This paper investigates the impact of market microstructure noise on the dynamic pricing of assets and European options. Addressing the limitation of existing models—which neglect the dual perturbation of noise on both drift and volatility—we propose two novel frameworks: (i) a continuous-time Black–Scholes–Merton model augmented with noise-corrected dynamic risk-neutral measures, and (ii) an extension of the Grossman–Stiglitz static framework into the first dynamic discrete binomial tree model capable of jointly capturing noise-induced distortions in drift and volatility. Methodologically, we integrate equivalent martingale measure transformations, high-frequency data-driven parameter estimation, and noise separation techniques. Empirically, our models uniquely identify noise parameters and significantly improve in-sample and out-of-sample fit of price dynamics under high-frequency observation. The results provide both theoretical foundations and implementable tools for option pricing and risk management in noisy market environments.

We present two models for incorporating the total effect of market microstructure noise into dynamic pricing of assets and European options. The first model is developed under a Black-Scholes-Merton, continuous-time framework.

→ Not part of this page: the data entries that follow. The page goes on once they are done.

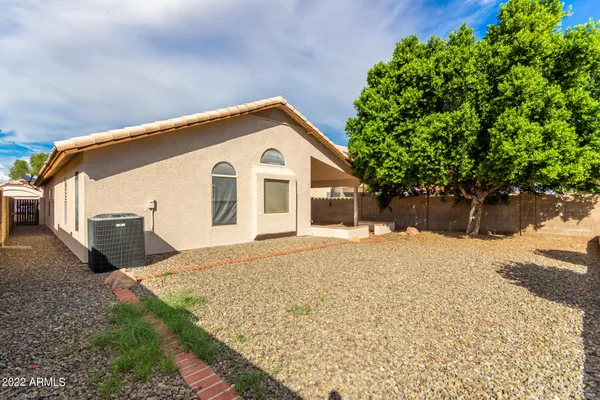 $1,975 | 12531 West Edgemont Avenue, Avondale, AZ 85392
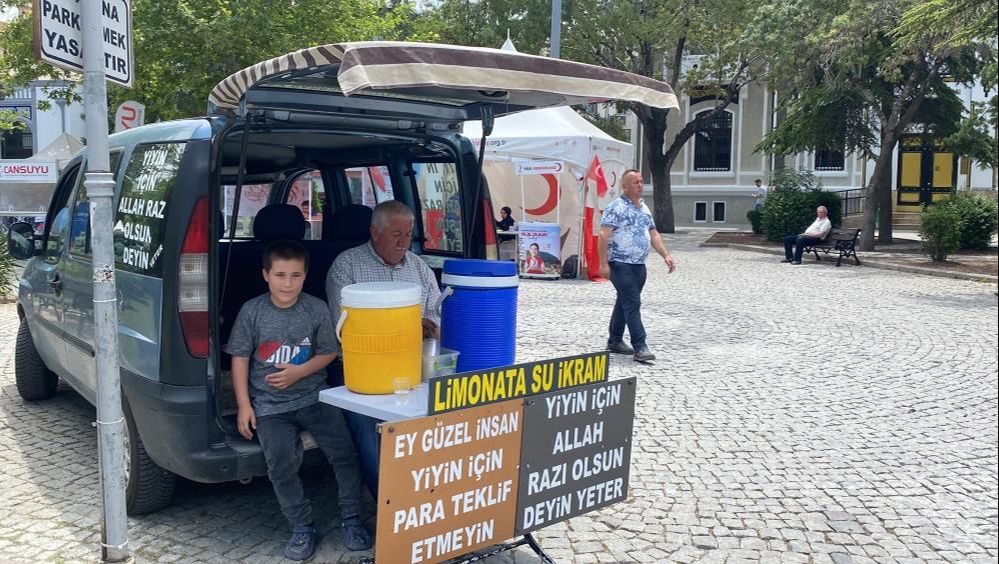 Konya'da limonata su ve çorba dağıtan Lokman Yıldız para yerine dua istiyor - 2. Resim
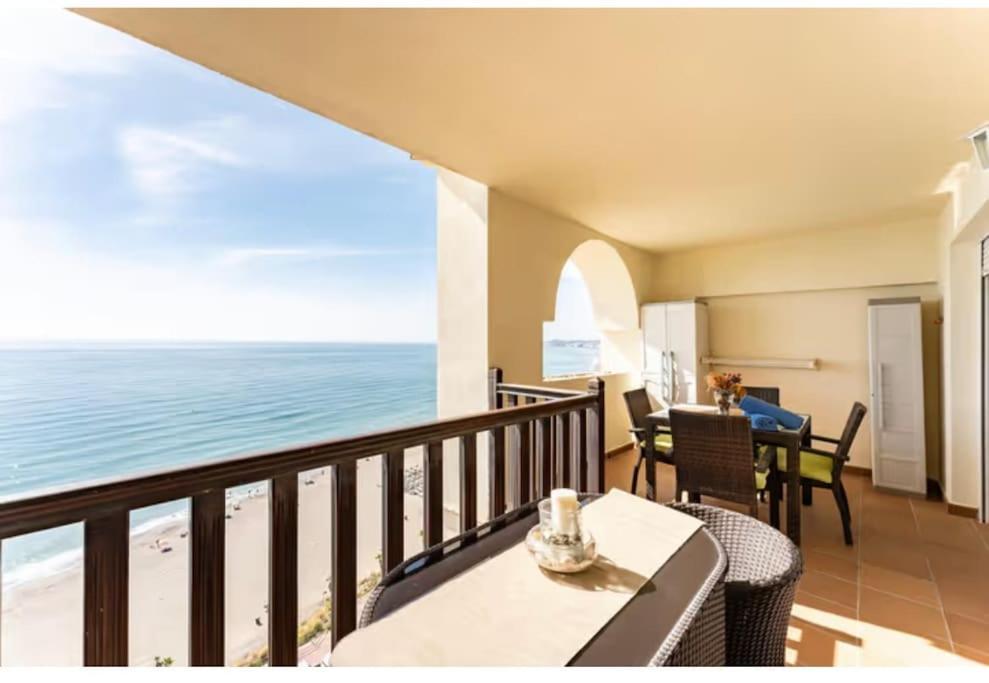Magnificas Vistas Al Mar Apartamento Benalmádena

The second model is a discrete, binomial tree model developed as an extension of the static Grossman-Stiglitz model. Both models are market complete, providing a unique equivalent martingale measure that establishes a unique map between parameters governing the risk-neutral and real-world price dynamics. We provide empirical examples to extract the coefficients in the model, in particular those coefficients characterizing the influence of the microstructure noise on prices. In addition to isolating the impact of noise on the volatility, the discrete model enables us to extract the noise impact on the drift coefficient. We provide evidence for the primary microstructure noise we believe our empirical examples capture.